The Ursuline Order was founded by Saint Angela de Merici in Brescia, Italy in 1535. Saint Angela Merici named the order after Saint Ursula, patron saint of the Sorbonne in Paris and also the patron saint of education. The Ursuline Sisters came to the Kingsgrove Parish in 1949 when they were invited to take over St Bernadette's School at Bexley South from the Sisters of Mercy. The sisters lived at the convent at Ashbury and travelled to Bexley North each day.

Within a few years, they had established a convent at Caroline Street, Kingsgrove (the present St Ursula's College administration building), and in 1953 they opened a new school, Our Lady of Fatima Primary School.

St Ursula's College was opened in 1957 with an enrolment of 56 girls in first form. The following year, 52 new students came to the College and, by 1959, there were 200 students enrolled. The College has continued to grow, with a current enrolment of over 1,000 students, more than 80 teachers and 20 ancillary staff.

In 2018, and again in 2020, St Ursula's was ranked in the top 50 schools in New South Wales by HSC results.

In 2023, St Ursula's introduced the International Baccalaureate as a study path making it the first systemic Catholic school in Australia to give students the opportunity to study through the International Baccalaureate.
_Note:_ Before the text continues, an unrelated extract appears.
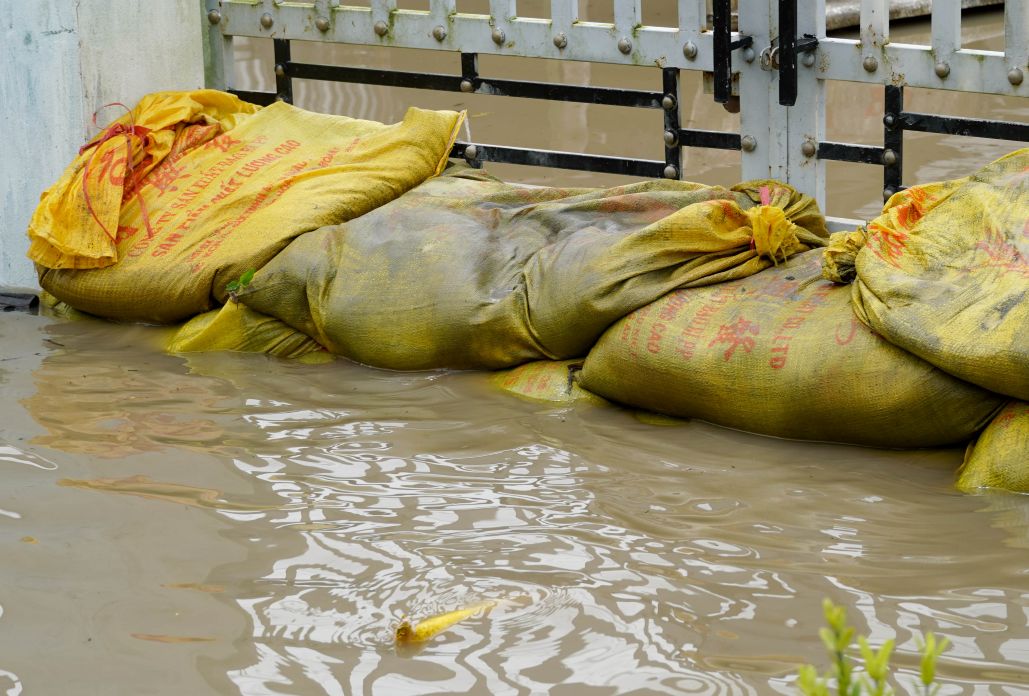 Nuoc dang tran vao nha nguoi dan 2 ben duong mac du da co ngan bo tam chan nuoc.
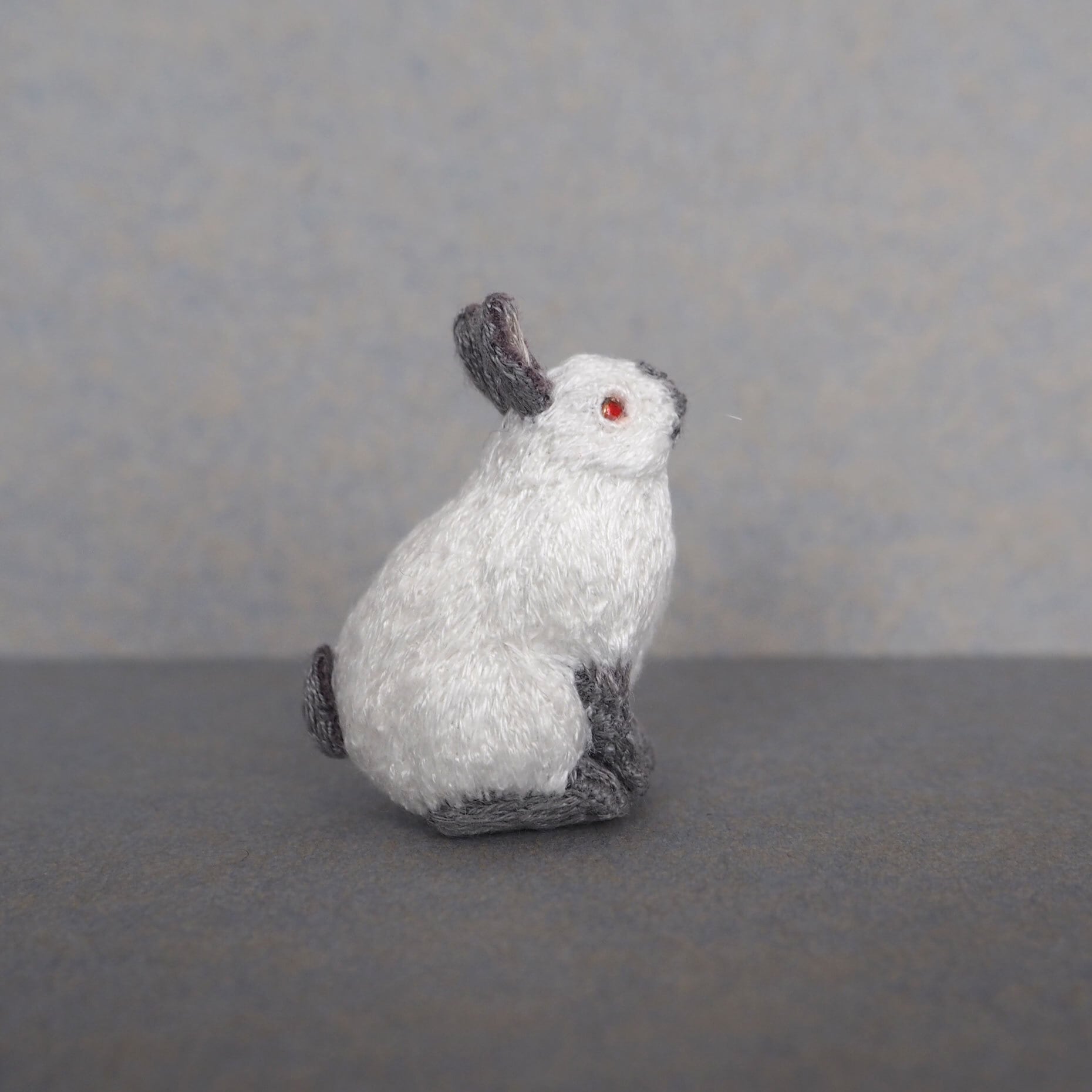 ちいさなうさぎ no.277 4cmミニチュアぬいぐるみ | Qucco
In December 2023, the school ended its ban on same-sex partners for LGBT+ students attending the school formal after a Change.org petition launched by a student against its “discriminatory policy” had reached 4,900 signatures. Federal education minister Jason Clare had urged the school to rethink the ban, saying students “should be able to take whoever they wanted” to the Year 12 farewell.